- Dataset extract -
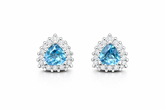 Triangle Blue Gemstone Halo Stud Earrings in 925 Sterling Silver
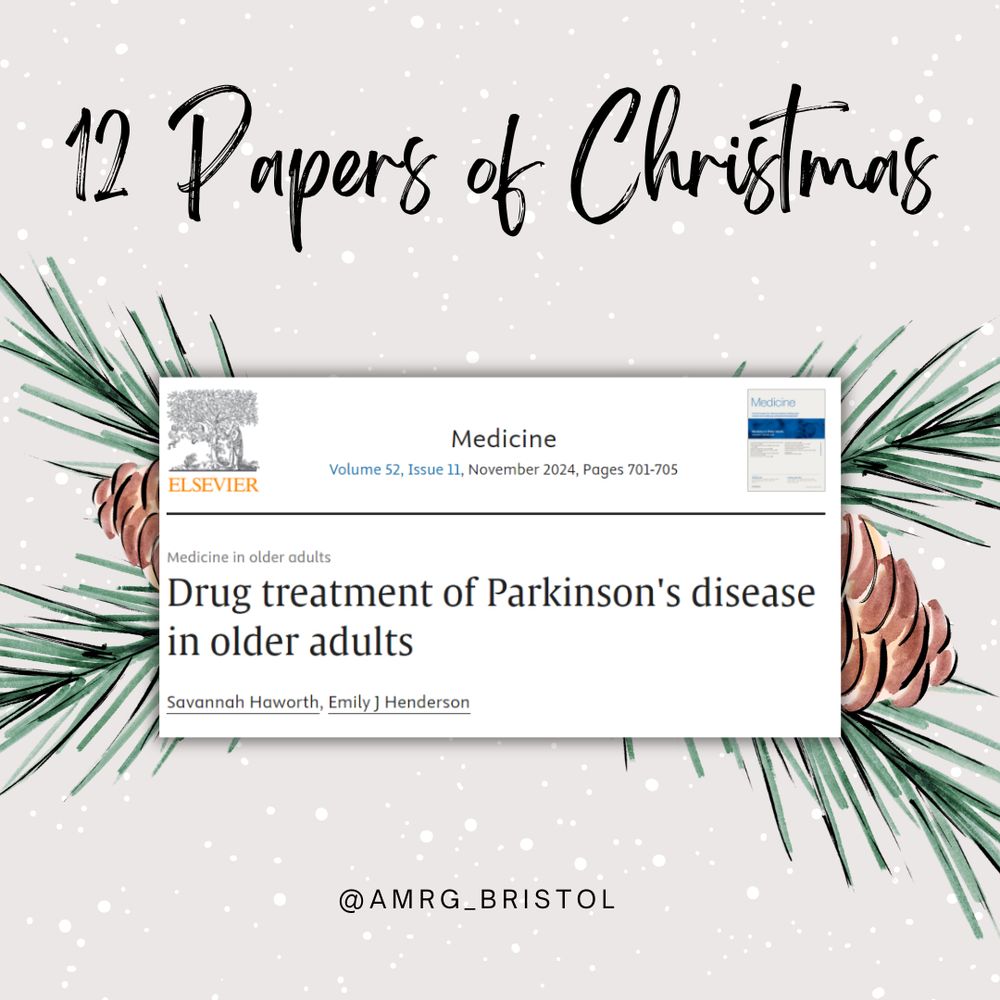 A festive background with a screenshot of a paper entitled 'Drug treatment of Parkinson's disease in older adults' 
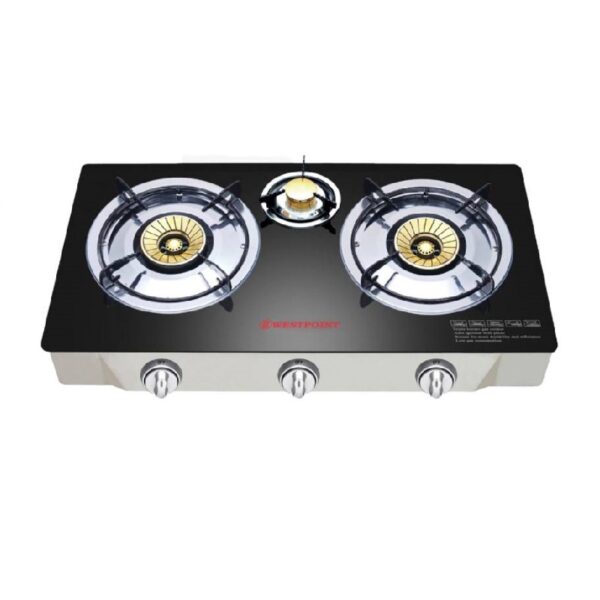 Westpoint Gas Stove 3 Burner Glass Top Wtil-3817.Gig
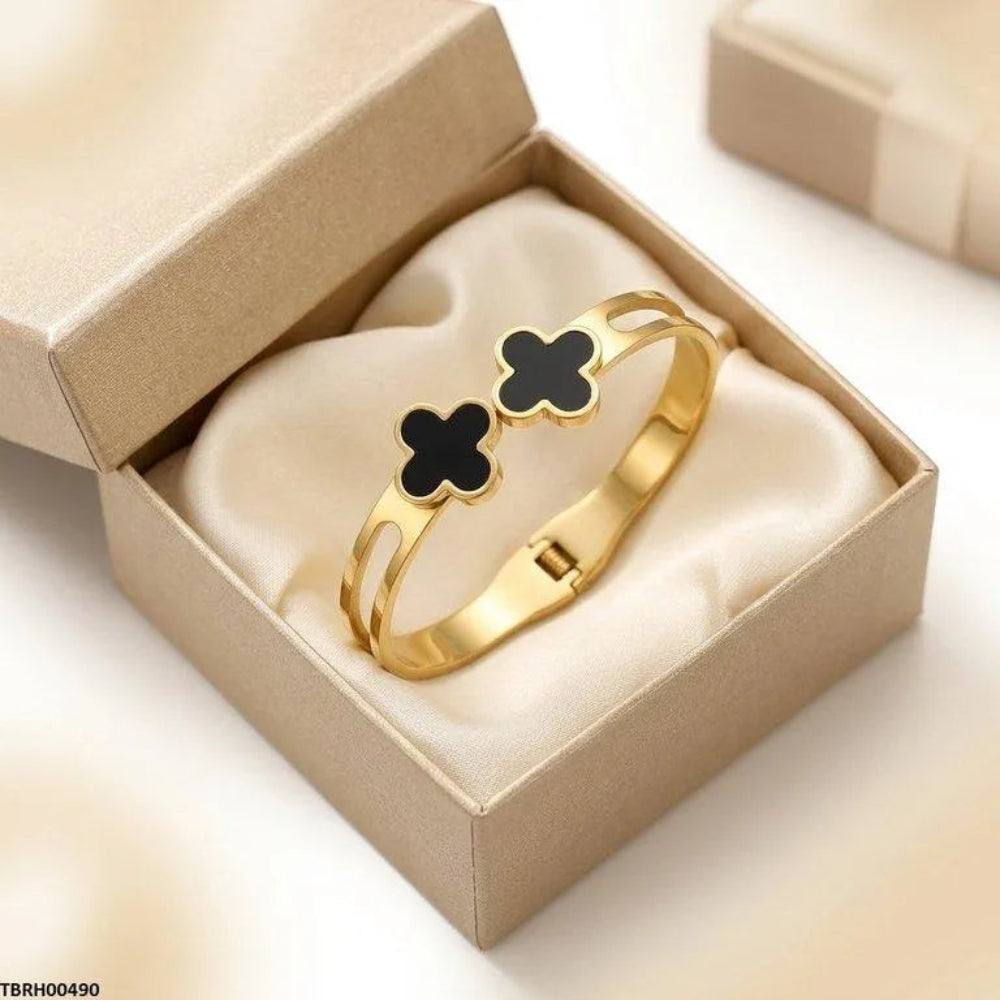 Gold Double Clover Black Open Cutout Bangle Bracelet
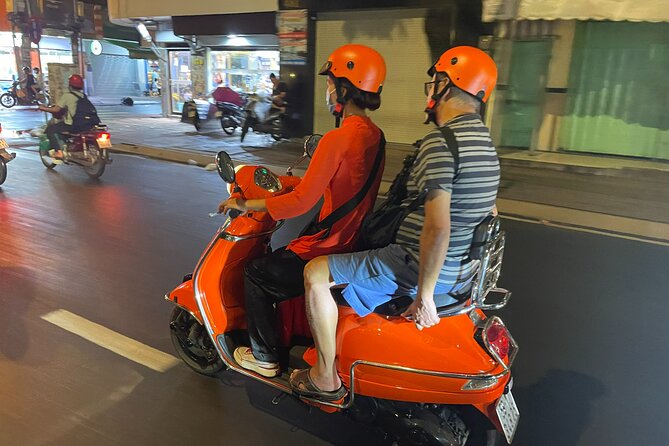 Female Riders Vespa Night Street Food + Train Street food 4 Hours - Ceramic Road and Long Bien Bridge after dark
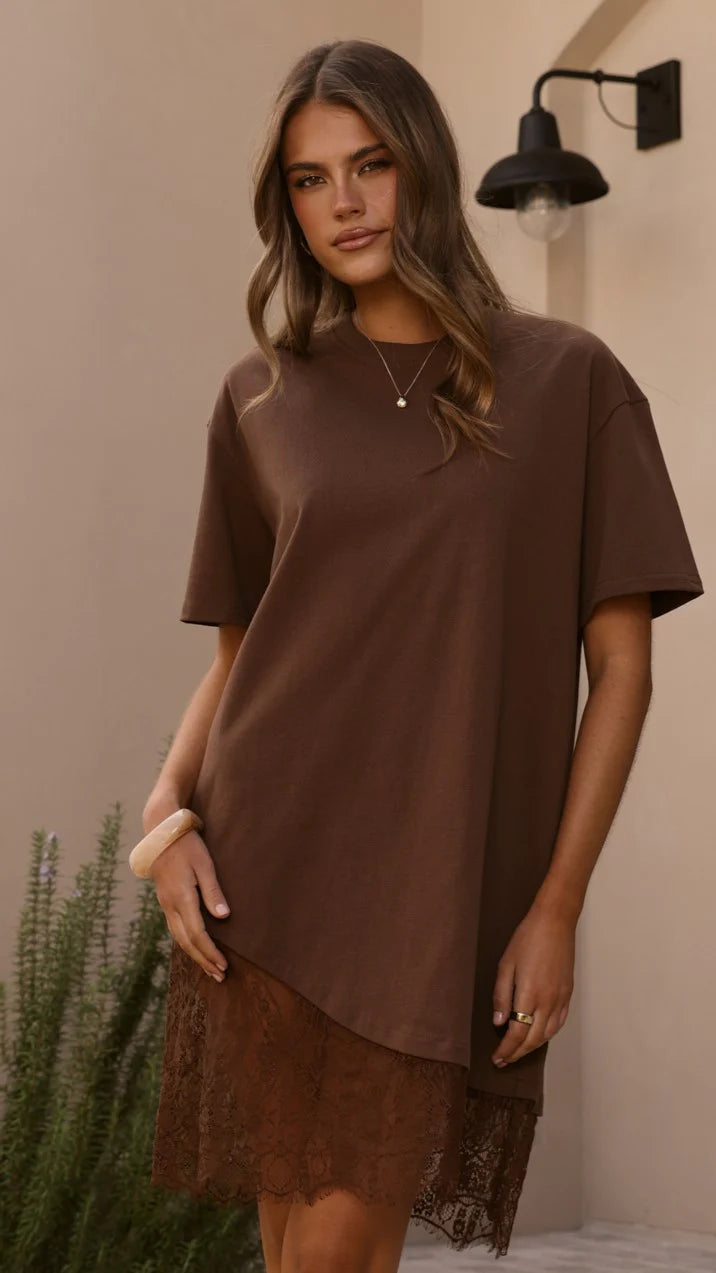Avei Lace T-Shirt Mini Dress - Chocolate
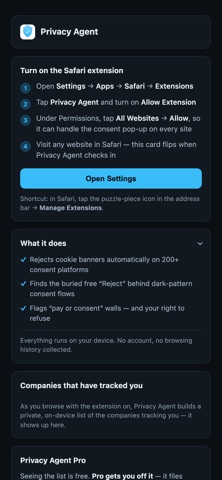Data Privacy Agent: Cookies Screenshot 2 of 3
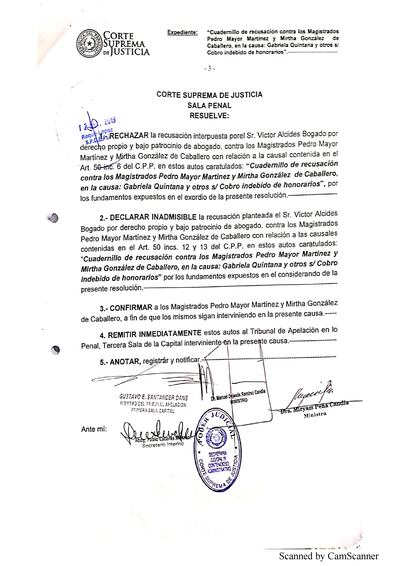 La Sala Penal de la Corte Suprema de Justicia (CSJ) confirmó a los camaristas que deben estudiar la la condena de Gabriela Quintana y el exsenador Víctor Bogado.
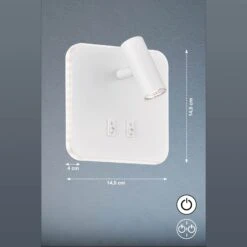 Aplique LED Mila Con 2 Interruptores, Blanco 9 Aplique LED Mila Con 2 Interruptores, Blanco -Fischer & Honsel 4581982 4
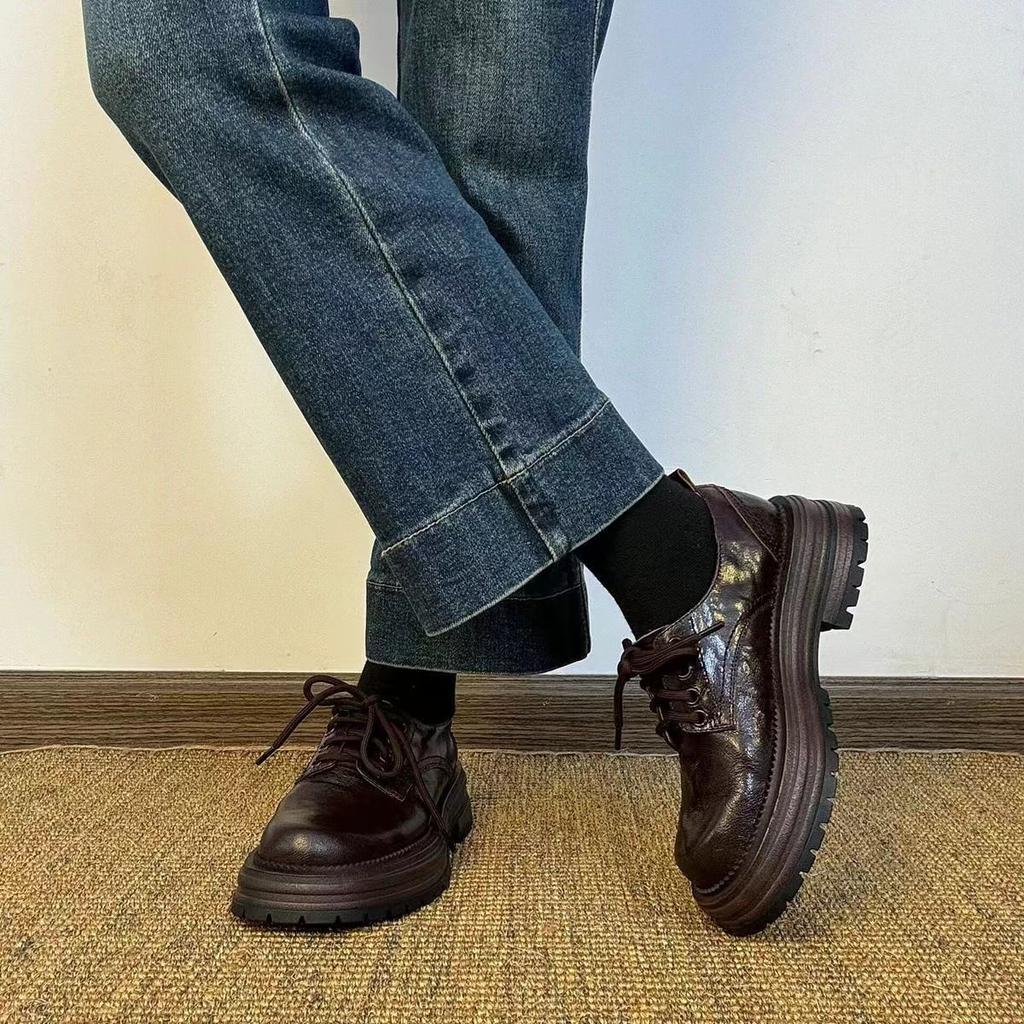 Sheepskin Version~ Thick-soled British Leather Lace-up Small Leather Shoes Women's Versatile Retro College Style Thick Heel Round Head Loafers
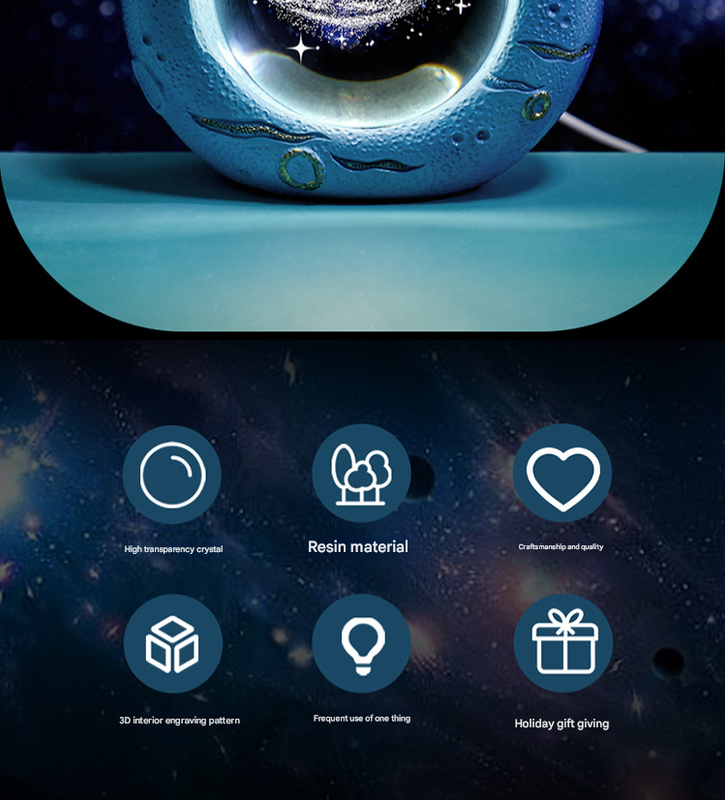 Celestial Ring LED Crystal Ball Lamp - 3D Engraving, Unique Gift (Dolphin)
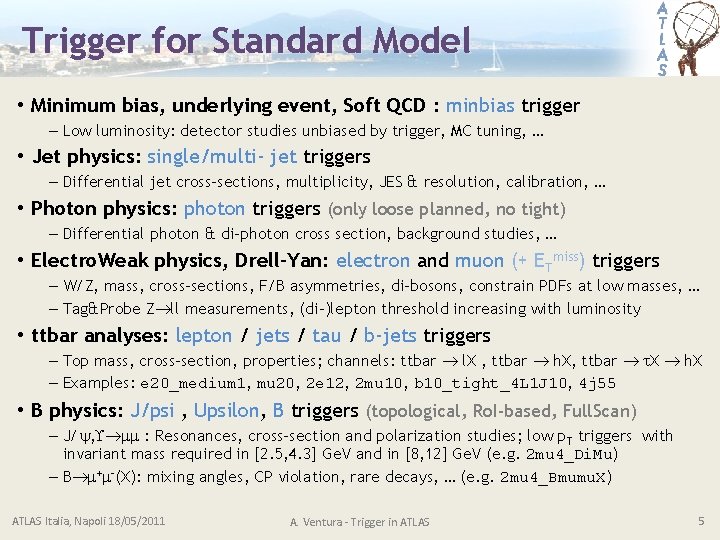 Trigger for Standard Model • Minimum bias, underlying event, Soft QCD : minbias trigger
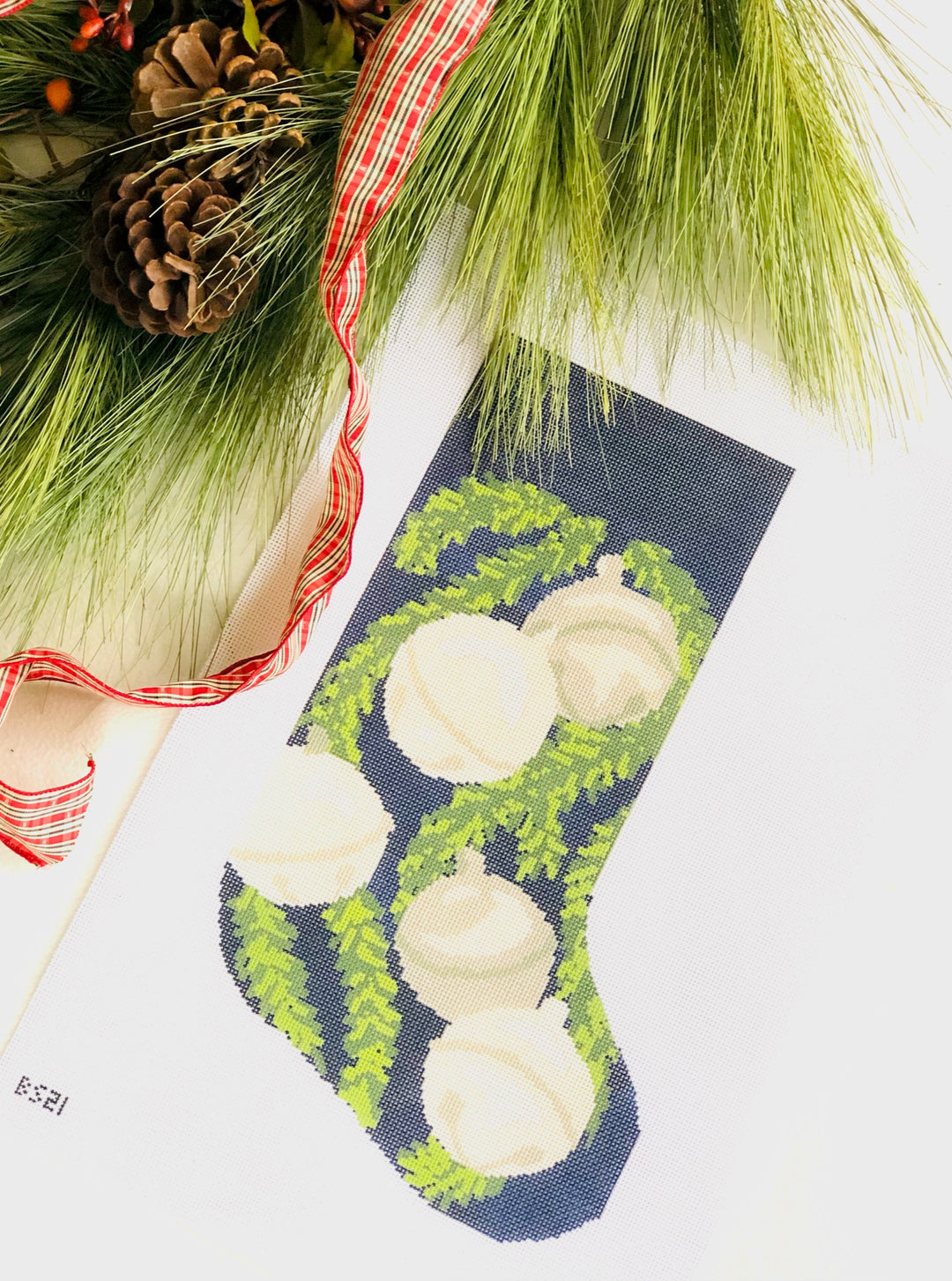 Jingle Bells Bauble Stocking Canvas August Trunk Show-Needlepoint Canvas-KCN Designers-The Pepper Pot Barrington, IL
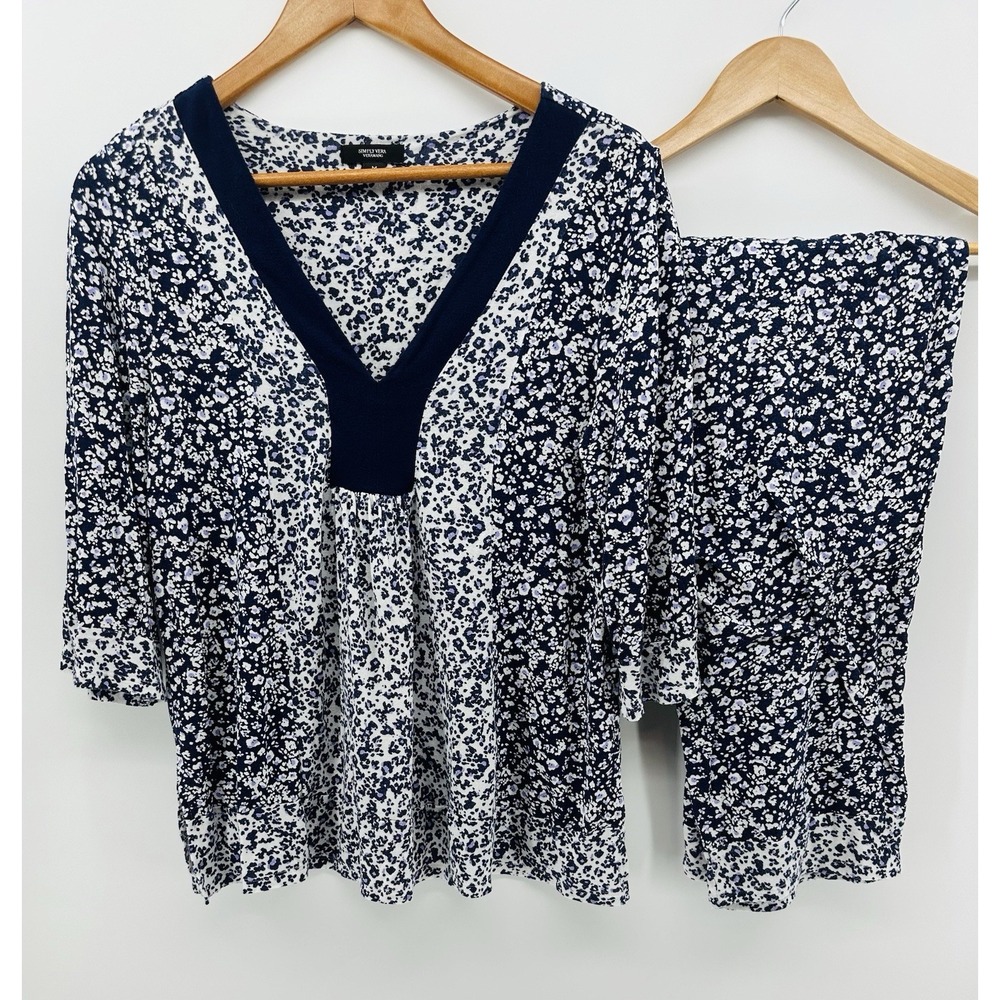 Simply Vera Wang Sz M Pajama Set Navy White Flowers Boho Soft Lounge EE54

- What the task asks -
Your copy should hold only the lines from the line with "Sheepskin Version~ Thick-soled" through the end of the data above, both ends included, transcribed exactly and without pictures.

- Reply to the exercise -
 Sheepskin Version~ Thick-soled British Leather Lace-up Small Leather Shoes Women's Versatile Retro College Style Thick Heel Round Head Loafers
 Celestial Ring LED Crystal Ball Lamp - 3D Engraving, Unique Gift (Dolphin)
 Trigger for Standard Model • Minimum bias, underlying event, Soft QCD : minbias trigger
 Jingle Bells Bauble Stocking Canvas August Trunk Show-Needlepoint Canvas-KCN Designers-The Pepper Pot Barrington, IL
 Simply Vera Wang Sz M Pajama Set Navy White Flowers Boho Soft Lounge EE54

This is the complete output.